__Work order__.
Every line below is to be given again precisely; images are to be left out.

__Data shown__.
---------------

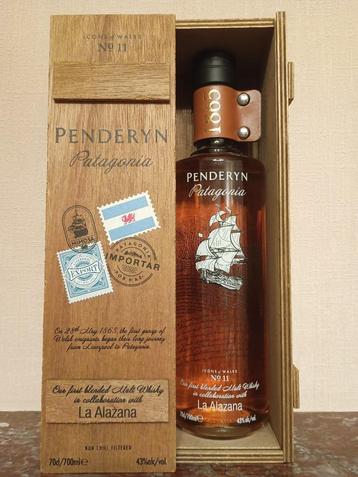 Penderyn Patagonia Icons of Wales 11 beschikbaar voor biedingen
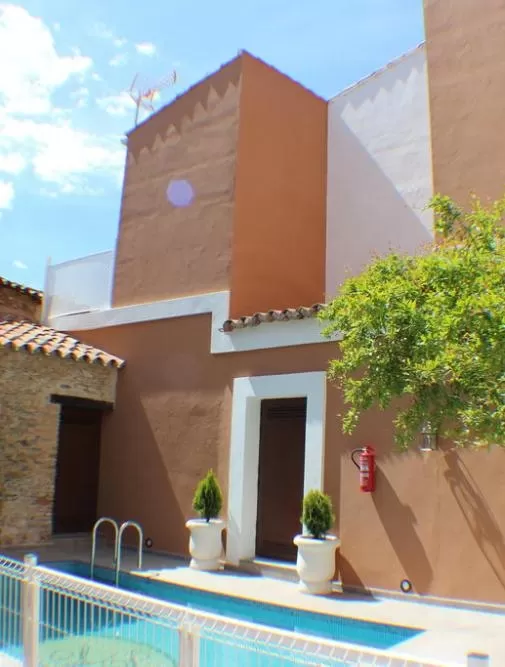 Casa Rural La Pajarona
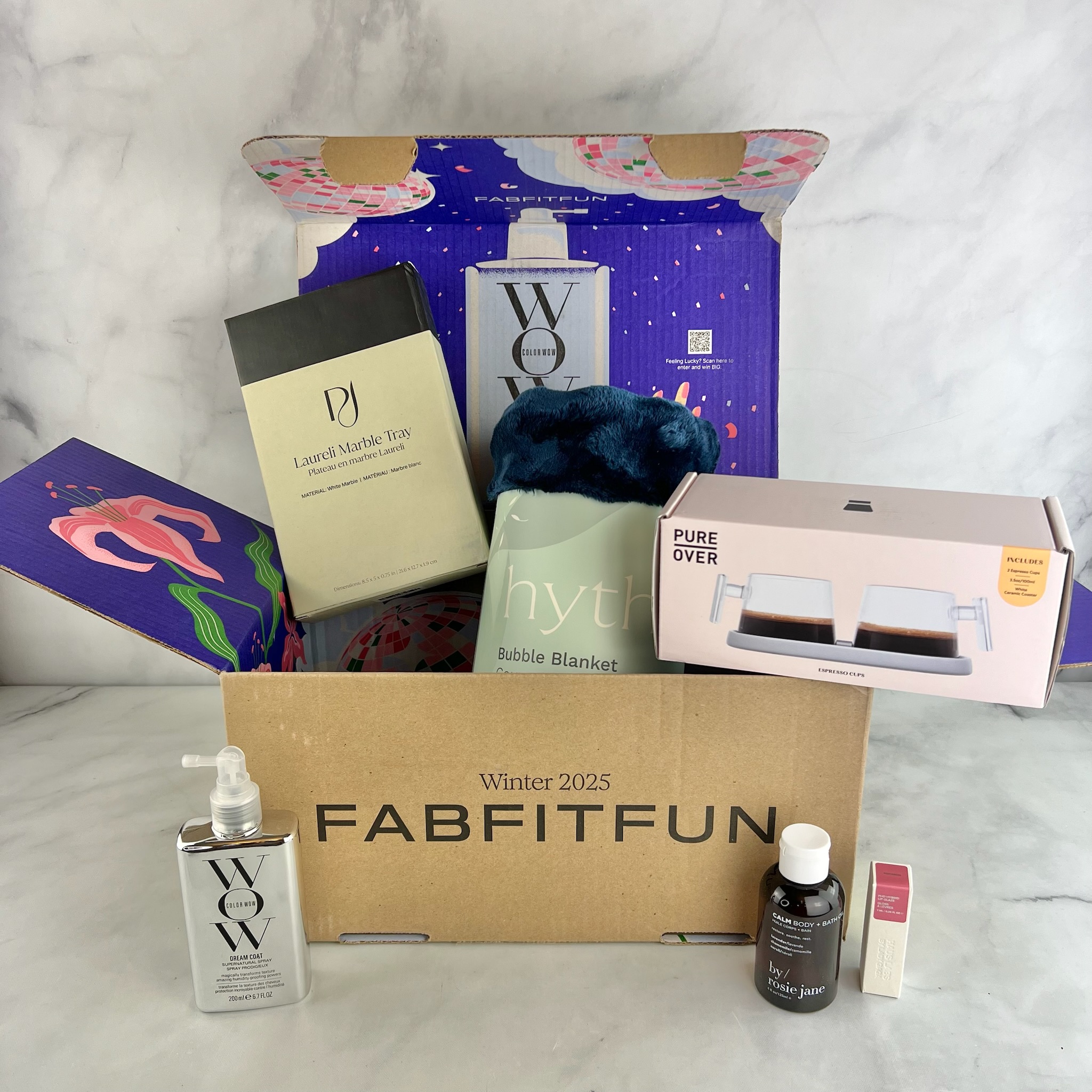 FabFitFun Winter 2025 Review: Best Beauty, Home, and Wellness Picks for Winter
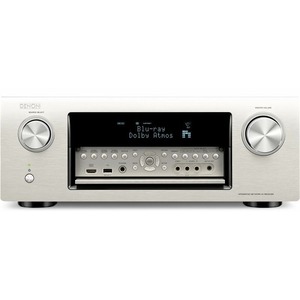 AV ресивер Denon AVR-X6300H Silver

---------------

__Exercise response__.
 Penderyn Patagonia Icons of Wales 11 beschikbaar voor biedingen
 Casa Rural La Pajarona
 FabFitFun Winter 2025 Review: Best Beauty, Home, and Wellness Picks for Winter
 AV ресивер Denon AVR-X6300H Silver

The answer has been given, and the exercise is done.